# 2009 National Confrerence (Ligonier Ministries)



## BJClark (Nov 12, 2008)

Don't know if anyone is interested but just in case:

March 19-21 Orlando Fl

Topic:

The Holiness of God

Speakers:

Thabiti Anyabwile -Cosmic Treason: Sin & the Holiness of God

Alistair Begg - The Breath of the Almighty: The Holy Spirit

D.A. Carson- A Holy Nation: The Churches High Calling

Ligon Duncan-Calvin & Christian Life

Sinclair Ferguson - The Doctrines of Grace/ Hallowed Be Your Name: The Holiness of the Father

Robert Godfrey- Wounded for Our Transgressions: The Holiness of God and the Cross

Steven J. Lawson: The Legacy of John Calvin/ The Holy One of God: The Holiness of Jesus

Al Mohler- John Calvin: Preacher & Teacher

R. C. Sproul- Love God? Sometimes I hate Him: The Meaning of Holiness/ A Consuming Fire: Holiness, Wrath, and Justice

R.C. Sproul Jr.- Training up Your children: Family Worship of the Holy God

Derek Thomas-Be Ye Holy: The necessity of Sanctification

Special Guests

Jennifer Velaquez
James Brown
Westminster Brass
Jose Garcia
Chuck & Nancy Snyder


----------



## Wannabee (Nov 12, 2008)

Very interested. We're considering it, but finances from the U.P. to FL aren't cheap. We'll see.


----------



## BJClark (Nov 12, 2008)

Wannabee;



> Very interested. We're considering it, but finances from the U.P. to FL aren't cheap. We'll see.

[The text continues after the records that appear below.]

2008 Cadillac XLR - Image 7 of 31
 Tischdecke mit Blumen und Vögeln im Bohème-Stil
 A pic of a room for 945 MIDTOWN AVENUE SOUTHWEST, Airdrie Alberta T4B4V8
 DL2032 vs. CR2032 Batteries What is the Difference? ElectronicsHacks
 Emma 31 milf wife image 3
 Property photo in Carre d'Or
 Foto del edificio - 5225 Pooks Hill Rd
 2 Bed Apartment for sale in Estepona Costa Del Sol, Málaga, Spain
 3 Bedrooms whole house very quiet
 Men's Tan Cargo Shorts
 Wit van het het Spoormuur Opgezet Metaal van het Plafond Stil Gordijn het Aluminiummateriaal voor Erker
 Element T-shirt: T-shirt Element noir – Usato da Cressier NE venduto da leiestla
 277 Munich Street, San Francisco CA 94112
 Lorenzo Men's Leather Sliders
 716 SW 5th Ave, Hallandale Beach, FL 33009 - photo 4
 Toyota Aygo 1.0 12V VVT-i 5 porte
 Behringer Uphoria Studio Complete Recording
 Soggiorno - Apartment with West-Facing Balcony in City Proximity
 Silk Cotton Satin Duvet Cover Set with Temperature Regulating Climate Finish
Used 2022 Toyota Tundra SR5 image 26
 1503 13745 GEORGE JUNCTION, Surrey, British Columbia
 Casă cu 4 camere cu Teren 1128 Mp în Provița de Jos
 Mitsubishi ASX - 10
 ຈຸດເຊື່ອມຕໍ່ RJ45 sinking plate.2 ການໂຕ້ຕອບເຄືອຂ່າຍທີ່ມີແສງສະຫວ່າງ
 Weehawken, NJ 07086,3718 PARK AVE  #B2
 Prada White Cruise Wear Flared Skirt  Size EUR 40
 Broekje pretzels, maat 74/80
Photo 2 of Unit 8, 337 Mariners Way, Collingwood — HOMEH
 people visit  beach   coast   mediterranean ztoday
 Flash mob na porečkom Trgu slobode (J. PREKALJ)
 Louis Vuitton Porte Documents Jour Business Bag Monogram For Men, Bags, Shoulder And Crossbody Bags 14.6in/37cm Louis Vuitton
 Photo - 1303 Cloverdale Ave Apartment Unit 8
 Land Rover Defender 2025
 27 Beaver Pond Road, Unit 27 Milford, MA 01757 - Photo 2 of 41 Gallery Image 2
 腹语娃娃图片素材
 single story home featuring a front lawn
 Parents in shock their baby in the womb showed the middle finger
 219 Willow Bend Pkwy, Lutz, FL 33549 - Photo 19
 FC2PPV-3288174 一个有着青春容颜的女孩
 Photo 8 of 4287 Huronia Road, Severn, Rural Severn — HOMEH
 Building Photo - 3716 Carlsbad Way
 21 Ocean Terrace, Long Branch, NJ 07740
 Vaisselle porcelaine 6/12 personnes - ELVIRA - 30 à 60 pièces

I understand, something else that may be helpful is that they offer scholarships to help pay for the cost of the conference to folks willing to volunteer as well.

While it may not help the cost of the drive/flight, it may help with not having to pay the total cost for the conference??


----------



## Wannabee (Nov 12, 2008)

Thanks Bobbi,

I have a coupon, which makes the conference itself fairly affordable. And, we have friends in the area, so accommodations aren't an issue. It's just getting there. Spirit flies from Chicago to Tampa though, so we might be able to do something. I was going to take a long break during March to prepare to preach through my next book too, so it might work out, D.v.


----------



## BJClark (Nov 12, 2008)

Wannabee;



> I have a coupon, which makes the conference itself fairly affordable. And, we have friends in the area, so accommodations aren't an issue. It's just getting there. Spirit flies from Chicago to Tampa though, so we might be able to do something. I was going to take a long break during March to prepare to preach through my next book too, so it might work out, D.v.




They have a name and number of a person to contact to make flight reservations of your interested, don't know if it would cheaper that way or just making them yourself..

They also have a promo code for a car rental, if it's something you'd want to check into..


----------